Novo governo tem de recuperar a esperança na educação

25/11/2022

O Brasil enfrenta o desafio de superar uma herança de 10 anos de atraso na educação nos próximos anos. A educadora Maria Alice Setubal lança uma luz sobre a educação para o IDS Opina.

IDS Opina conversa com Maria Alice Setubal, mais conhecida entre os amigos e parceiros das organizações sociais como Neca Setubal. A recém convidada para fazer parte do Governo de Transição no grupo da Educação, é uma ativista de longa data nesta área. Graduada em ciências sociais pela USP, mestre em ciência política e doutora em psicologia pela PUC, Neca é  presidente do Conselho Curador da Fundação Tide Setubal, é uma organização da sociedade civil, sem fins lucrativos, que tem como missão “Fomentar iniciativas que promovam a justiça social e o desenvolvimento sustentável de periferias urbanas e contribuam para o enfrentamento das desigualdades socioespaciais das grandes cidades, em articulação com diversos agentes da sociedade civil, de instituições de pesquisa, do Estado e do  mercado”.

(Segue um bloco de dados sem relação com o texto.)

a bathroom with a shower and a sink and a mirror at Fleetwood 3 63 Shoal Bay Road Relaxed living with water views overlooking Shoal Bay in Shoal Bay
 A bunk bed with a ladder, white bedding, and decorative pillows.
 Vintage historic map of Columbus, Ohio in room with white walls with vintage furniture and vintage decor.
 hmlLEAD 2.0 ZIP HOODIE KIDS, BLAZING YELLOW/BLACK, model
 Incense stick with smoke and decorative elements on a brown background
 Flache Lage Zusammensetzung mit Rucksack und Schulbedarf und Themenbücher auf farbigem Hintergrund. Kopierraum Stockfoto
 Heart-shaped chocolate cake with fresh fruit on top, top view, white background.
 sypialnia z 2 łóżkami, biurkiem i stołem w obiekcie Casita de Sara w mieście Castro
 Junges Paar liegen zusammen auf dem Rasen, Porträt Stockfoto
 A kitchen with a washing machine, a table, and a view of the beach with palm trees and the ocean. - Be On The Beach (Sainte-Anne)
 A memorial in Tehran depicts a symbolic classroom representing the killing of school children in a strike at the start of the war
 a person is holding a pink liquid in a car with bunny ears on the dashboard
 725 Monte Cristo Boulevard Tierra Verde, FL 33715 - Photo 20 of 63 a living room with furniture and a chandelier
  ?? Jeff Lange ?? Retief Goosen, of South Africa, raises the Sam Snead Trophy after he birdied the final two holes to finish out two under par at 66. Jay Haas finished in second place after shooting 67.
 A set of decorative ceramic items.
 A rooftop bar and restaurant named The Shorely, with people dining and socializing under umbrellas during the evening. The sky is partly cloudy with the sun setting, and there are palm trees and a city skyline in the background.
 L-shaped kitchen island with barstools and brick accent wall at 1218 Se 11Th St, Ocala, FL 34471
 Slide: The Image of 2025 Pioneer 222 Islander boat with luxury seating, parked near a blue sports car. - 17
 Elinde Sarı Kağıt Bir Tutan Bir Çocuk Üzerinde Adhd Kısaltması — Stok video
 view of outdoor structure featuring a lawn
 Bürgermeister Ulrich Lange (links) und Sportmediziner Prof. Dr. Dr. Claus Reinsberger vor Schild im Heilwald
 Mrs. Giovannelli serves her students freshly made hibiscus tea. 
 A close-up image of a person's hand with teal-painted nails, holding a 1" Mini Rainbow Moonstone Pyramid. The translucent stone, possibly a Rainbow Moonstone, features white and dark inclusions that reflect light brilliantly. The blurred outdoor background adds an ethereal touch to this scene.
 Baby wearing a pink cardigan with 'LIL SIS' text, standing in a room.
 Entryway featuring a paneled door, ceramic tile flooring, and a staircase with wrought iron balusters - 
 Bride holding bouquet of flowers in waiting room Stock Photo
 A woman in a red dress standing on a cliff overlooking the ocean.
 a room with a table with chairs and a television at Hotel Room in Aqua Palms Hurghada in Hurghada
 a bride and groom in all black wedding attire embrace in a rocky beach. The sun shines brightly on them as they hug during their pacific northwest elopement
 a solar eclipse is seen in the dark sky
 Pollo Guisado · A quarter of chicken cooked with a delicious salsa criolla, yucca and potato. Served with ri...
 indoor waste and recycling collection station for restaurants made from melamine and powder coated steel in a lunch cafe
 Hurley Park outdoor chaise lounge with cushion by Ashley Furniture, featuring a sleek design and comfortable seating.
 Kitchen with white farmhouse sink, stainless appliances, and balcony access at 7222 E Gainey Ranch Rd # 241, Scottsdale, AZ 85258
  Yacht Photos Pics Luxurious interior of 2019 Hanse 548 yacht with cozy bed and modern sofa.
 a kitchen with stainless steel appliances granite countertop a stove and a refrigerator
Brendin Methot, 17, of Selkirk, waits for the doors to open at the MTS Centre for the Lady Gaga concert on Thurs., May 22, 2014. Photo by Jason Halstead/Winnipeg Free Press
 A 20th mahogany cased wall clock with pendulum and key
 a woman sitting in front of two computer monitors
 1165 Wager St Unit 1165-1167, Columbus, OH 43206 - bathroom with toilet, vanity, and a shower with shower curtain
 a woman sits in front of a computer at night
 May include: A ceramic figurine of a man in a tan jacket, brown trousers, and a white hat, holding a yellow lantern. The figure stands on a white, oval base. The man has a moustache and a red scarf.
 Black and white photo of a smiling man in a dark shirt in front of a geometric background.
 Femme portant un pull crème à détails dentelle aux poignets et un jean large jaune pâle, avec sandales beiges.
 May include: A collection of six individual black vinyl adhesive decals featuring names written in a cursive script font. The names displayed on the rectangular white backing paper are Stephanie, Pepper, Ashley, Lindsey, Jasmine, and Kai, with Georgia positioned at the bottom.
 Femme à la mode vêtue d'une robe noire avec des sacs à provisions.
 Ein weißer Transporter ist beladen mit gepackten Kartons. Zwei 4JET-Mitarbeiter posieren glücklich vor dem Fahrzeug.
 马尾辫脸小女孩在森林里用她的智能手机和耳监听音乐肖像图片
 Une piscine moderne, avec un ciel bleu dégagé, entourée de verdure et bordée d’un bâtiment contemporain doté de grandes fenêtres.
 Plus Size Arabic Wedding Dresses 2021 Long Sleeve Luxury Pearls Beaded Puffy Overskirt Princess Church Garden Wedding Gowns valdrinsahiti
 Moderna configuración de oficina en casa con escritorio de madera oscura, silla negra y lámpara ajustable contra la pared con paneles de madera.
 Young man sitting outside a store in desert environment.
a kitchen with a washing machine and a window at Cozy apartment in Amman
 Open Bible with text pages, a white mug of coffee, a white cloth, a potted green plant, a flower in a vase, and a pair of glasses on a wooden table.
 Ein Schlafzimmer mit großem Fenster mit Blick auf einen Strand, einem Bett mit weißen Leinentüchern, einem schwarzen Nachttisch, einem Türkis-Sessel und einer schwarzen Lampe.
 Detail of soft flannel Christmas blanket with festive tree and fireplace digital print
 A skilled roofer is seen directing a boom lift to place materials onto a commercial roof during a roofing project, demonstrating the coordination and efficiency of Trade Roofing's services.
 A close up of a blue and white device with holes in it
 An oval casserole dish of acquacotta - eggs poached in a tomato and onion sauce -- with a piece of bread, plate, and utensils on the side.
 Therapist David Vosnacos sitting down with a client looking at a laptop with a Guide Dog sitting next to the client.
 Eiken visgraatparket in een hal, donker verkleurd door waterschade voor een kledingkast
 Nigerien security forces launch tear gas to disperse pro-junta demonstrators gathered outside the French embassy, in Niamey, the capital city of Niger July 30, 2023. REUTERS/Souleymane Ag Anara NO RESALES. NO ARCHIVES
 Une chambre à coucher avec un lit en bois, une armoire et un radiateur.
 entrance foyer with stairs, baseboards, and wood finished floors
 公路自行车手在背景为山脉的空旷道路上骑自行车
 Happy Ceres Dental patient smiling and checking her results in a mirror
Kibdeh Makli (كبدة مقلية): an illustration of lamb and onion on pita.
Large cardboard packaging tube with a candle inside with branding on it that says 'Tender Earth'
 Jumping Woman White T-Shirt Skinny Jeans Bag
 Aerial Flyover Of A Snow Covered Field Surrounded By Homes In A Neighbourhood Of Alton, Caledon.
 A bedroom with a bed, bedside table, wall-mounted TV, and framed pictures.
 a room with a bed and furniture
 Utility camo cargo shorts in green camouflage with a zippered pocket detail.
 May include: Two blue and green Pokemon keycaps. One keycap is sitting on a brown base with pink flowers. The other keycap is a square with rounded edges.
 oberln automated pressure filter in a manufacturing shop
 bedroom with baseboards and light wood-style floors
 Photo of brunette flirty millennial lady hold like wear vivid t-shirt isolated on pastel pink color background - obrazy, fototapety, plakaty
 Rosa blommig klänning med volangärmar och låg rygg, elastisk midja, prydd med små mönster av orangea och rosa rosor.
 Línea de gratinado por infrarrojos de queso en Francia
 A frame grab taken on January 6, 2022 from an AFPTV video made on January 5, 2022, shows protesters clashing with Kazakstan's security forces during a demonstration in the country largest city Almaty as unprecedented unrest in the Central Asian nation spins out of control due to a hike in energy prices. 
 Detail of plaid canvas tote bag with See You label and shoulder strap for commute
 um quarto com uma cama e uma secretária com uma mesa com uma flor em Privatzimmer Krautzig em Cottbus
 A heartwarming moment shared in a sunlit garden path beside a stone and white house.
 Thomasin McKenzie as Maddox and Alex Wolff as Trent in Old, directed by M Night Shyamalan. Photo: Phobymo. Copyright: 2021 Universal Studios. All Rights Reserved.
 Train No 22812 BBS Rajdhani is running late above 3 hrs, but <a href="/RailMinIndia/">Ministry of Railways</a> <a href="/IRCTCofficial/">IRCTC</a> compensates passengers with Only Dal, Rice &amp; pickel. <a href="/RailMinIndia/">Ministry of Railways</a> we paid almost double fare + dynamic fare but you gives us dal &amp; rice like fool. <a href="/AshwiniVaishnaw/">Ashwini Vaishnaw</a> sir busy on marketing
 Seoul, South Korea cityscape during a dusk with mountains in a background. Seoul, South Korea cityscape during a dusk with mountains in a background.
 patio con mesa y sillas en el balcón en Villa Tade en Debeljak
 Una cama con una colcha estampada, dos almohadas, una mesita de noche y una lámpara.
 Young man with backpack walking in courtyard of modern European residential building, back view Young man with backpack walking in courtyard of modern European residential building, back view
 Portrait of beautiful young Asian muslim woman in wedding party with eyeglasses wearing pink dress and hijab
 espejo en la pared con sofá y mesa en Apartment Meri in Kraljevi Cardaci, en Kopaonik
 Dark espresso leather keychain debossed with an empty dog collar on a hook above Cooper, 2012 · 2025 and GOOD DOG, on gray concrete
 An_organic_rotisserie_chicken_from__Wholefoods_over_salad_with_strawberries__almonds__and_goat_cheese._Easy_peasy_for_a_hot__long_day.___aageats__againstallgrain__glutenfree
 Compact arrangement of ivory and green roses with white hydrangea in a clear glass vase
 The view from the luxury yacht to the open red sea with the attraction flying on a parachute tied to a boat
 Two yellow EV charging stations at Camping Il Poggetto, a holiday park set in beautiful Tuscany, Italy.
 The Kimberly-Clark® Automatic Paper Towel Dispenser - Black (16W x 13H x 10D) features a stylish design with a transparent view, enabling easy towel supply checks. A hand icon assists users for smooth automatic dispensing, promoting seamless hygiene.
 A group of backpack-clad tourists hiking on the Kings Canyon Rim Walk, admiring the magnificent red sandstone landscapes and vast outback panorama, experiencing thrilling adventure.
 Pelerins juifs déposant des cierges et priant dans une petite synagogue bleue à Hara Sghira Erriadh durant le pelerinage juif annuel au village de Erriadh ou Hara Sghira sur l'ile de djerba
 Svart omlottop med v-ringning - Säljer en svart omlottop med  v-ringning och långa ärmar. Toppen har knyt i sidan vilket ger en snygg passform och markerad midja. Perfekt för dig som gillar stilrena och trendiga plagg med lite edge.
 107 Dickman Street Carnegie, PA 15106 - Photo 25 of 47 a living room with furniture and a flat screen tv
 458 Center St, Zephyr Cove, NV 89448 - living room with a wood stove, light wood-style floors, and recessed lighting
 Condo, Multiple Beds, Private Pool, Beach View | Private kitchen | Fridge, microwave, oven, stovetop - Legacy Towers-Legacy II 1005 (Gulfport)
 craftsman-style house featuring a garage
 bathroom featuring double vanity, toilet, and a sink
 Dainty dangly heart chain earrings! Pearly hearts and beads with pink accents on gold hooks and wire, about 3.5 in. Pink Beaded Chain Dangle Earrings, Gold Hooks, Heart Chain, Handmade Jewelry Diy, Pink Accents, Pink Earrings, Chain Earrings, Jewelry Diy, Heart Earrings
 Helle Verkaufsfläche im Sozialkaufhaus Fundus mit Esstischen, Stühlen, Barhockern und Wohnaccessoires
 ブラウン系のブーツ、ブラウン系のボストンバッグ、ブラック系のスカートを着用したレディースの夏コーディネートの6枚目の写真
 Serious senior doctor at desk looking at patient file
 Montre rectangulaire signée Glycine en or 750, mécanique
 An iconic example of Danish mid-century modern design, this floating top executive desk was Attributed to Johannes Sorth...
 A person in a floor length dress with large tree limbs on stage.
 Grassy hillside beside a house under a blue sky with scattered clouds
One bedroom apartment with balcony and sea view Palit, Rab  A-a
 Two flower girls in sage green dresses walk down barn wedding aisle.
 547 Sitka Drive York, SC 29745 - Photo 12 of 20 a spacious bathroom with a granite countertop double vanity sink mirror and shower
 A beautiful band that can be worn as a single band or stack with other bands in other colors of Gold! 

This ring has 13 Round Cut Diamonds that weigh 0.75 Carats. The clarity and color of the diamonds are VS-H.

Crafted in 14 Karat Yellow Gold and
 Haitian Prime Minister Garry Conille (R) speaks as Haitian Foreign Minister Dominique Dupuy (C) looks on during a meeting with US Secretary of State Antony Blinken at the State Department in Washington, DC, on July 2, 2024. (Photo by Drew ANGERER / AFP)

Nessa conversa com o jornalista Dal Marcondes para o IDS Opina, ela fala sobre as dificuldades do atual momento para a educação brasileira depois de dois anos de pandemia da Covid 19. Neca ressalta que a Covid piorou muito o que já estava ruim. O desafio é avançar muito rapidamente para que o Brasil não perca mais décadas e gerações em educação. E ressalta que é um enorme desafio não só para os profissionais, militantes na educação, mas para toda a sociedade brasileira.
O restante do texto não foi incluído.